78. The bulk of the Plaintiff’s argument is that the arbitration clause is “inoperative.” The term “inoperative” was considered by Hammerschlag J in Broken Hill City Council v Unique Urban Built Pty Ltd. [63]Urban brought a motion for the matter to be referred to arbitration. The Council resisted on the grounds that the arbitration agreement was inoperative. The issues for determination were, what was meant by the term inoperative and whether clause 42.3 rendered the arbitration agreement inoperative. His Honour referred to the case of Lucky-Goldstar International (HK) Ltd v NG Moo Kee Engineering Ltd [64] in which the parties had agreed that arbitration would be in accordance with the rules of procedure of an association which did not exist. Kaplan J noted that the phrase ‘inoperative or incapable of being performed’ had been taken from the New York Convention of 1958 and endorsed the following commentary of academic commentators: -
“The word ‘inoperative’ can be deemed to cover those cases where the arbitration agreement has ceased to have effect. The ceasing of effect to the arbitration agreement may occur for a variety of reasons. One reason may be that the parties have implicitly or explicitly revoked the agreement to arbitrate. Another may be that the same dispute between the same parties has already been decided in arbitration or court proceedings (principles of res judicata …).
…[A]s for instance where the award has been set aside or there is a stalemate in the voting of the arbitrators or the award has not been rendered within the prescribed time limit. Further, he suggests that a settlement reached before the commencement of arbitration may have the effect of rendering the arbitration agreement inoperative, although he notes an American decision which left this issue to the arbitrators.
As to the phrase ‘incapable of being performed’, Professor van den Berg is of the view that this would seem to apply to a case where the arbitration cannot be effectively set in motion. The clause may be too vague or perhaps other terms in the contract contradict the parties’ intention to arbitrate. He suggests that if an arbitrator specifically named in the arbitration agreement refuses to act or if an appointing authority refuses to appoint, it might be concluded that the arbitration agreement is ‘incapable of being performed’. However, that would only apply if the curial law of the state where the arbitration was taking place had no provision equivalent to ss 9 and 12 of the Arbitration Ordinance and art 11 of the Model Law.”
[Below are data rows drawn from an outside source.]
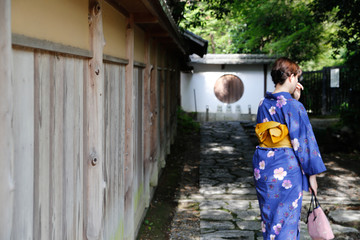 japanese woman kimono walking in kyoto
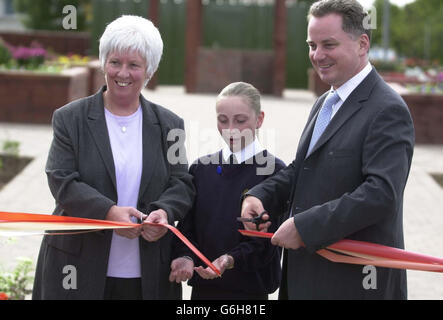 Il primo Ministro Jack McConnell apre ufficialmente il nuovo Castlehill Community Park a Gowkthraple, vicino a Wishaw, con una mano di aiuto da parte di un insegnante in pensione della Castle Hill Primary School Marjorie McKinnon (a sinistra) e l'allievo Stephanie Richardson. Il parco costava quattrocentocinquanta migliaia di sterline è stato reso possibile da una partnership di gruppi d'azione genitori, residents locali, North Lanarkshire council e Scottish Natural Heritage. Foto Stock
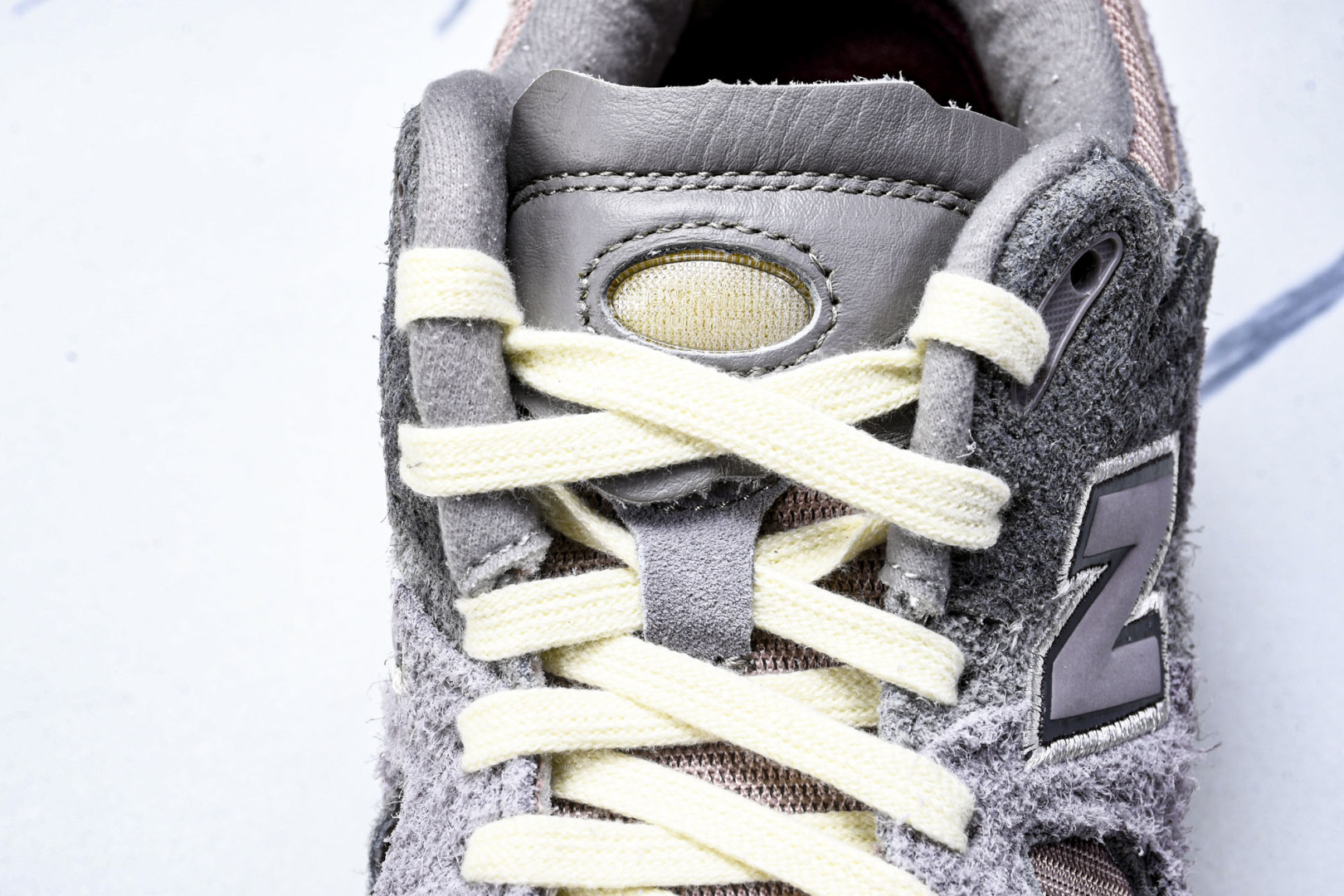  美产 New Balance 2002R ＂Reflned Future＂低帮复古休闲跑步鞋 灰紫 M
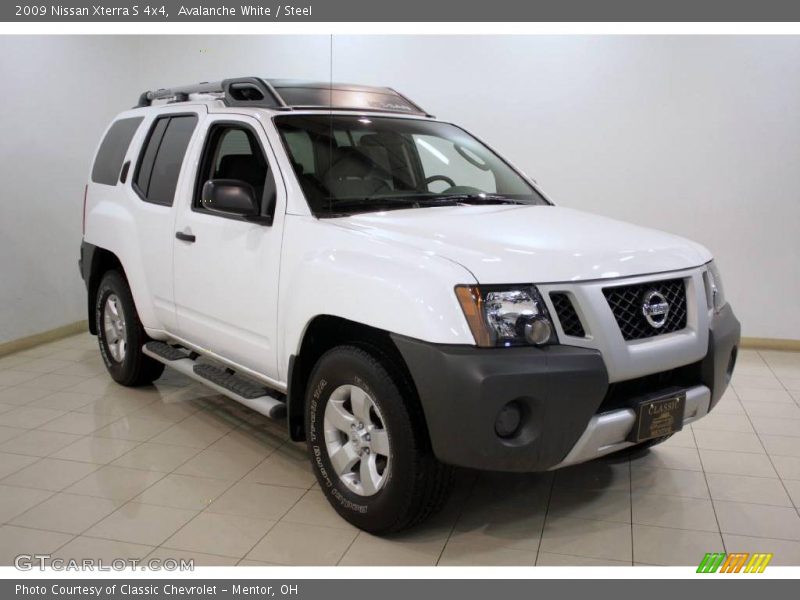 Avalanche White / Steel 2009 Nissan Xterra S 4x4
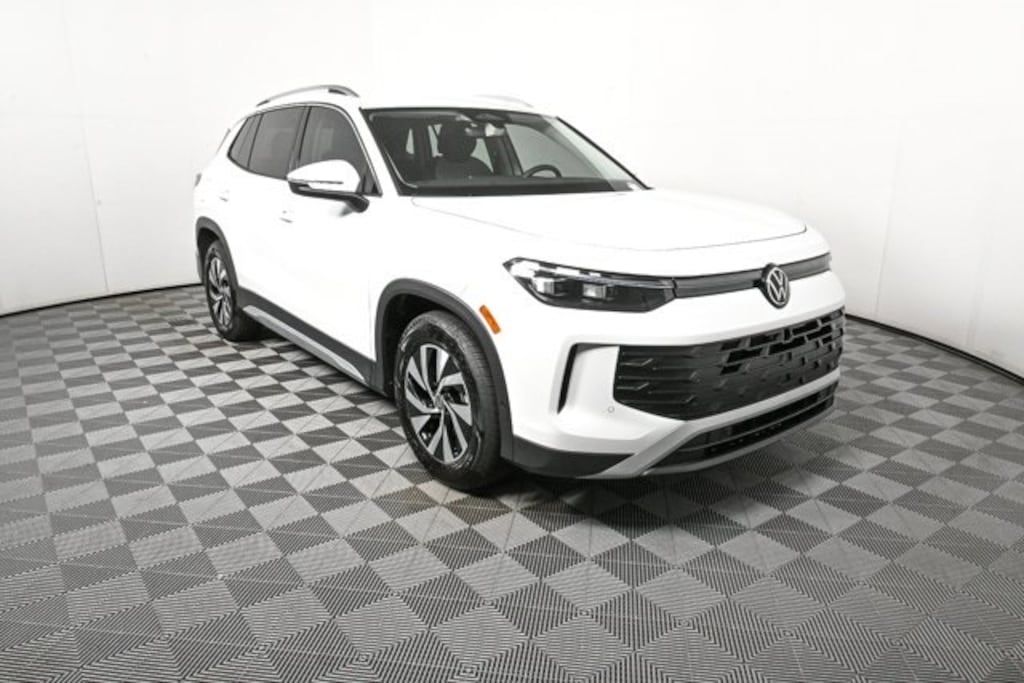 New 2026 Volkswagen Tiguan 2.0T S SUV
79. The grounds cited by the Plaintiff cannot pass the above tests. I am reminded of the House of Lords decision in Premium Nafta Products Limited n(20th defendant) and others (Respondents) v Fili Shipping Company Limited (14th Claimant) and others (appellants)[65] which stated:-
“Only the agreement can tell you what kind of disputes they intended to submit to arbitration. But the meaning which parties intended to express by the words which they used will be affected by the commercial background and the reader's understanding of the purpose for which the agreement was made. Businessmen in particular are assumed to have entered into agreements to achieve some rational commercial purpose and an understanding of this purpose will influence the way in which one interprets their language.
In approaching the question of construction, it is therefore necessary to inquire into the purpose of the arbitration clause. As to this, I think there can be no doubt. The parties have entered into a relationship, an agreement or what is alleged to be an agreement or what appears on its face to be an agreement, which may give rise to disputes. They want those disputes decided by a tribunal which they have chosen, commonly on the grounds of such matters as its neutrality, expertise and privacy, the availability of legal services at the seat of the arbitration and the unobtrusive efficiency of its supervisory law. Particularly in the case of international contracts, they want a quick and efficient adjudication and do not want to take the risks of delay and, in too many cases, partiality, in proceedings before a national jurisdiction.
If one accepts that this is the purpose of an arbitration clause, its construction must be influenced by whether the parties, as rational businessmen, were likely to have intended that only some of the questions arising out of their relationship were to be submitted to arbitration and others were to be decided by national courts. Could they have intended that the question of whether the contract was repudiated should be decided by arbitration but the question of whether it was induced by misrepresentation should be decided by a court? If, as appears to be generally accepted, there is no rational basis upon which businessmen would be likely to wish to have questions of the validity or enforceability of the contract decided by one tribunal and questions about its performance decided by another, one would need to find very clear language before deciding that they must have had such an intention.
A proper approach to construction therefore requires the court to give effect, so far as the language used by the parties will permit, to the commercial purpose of the arbitration clause…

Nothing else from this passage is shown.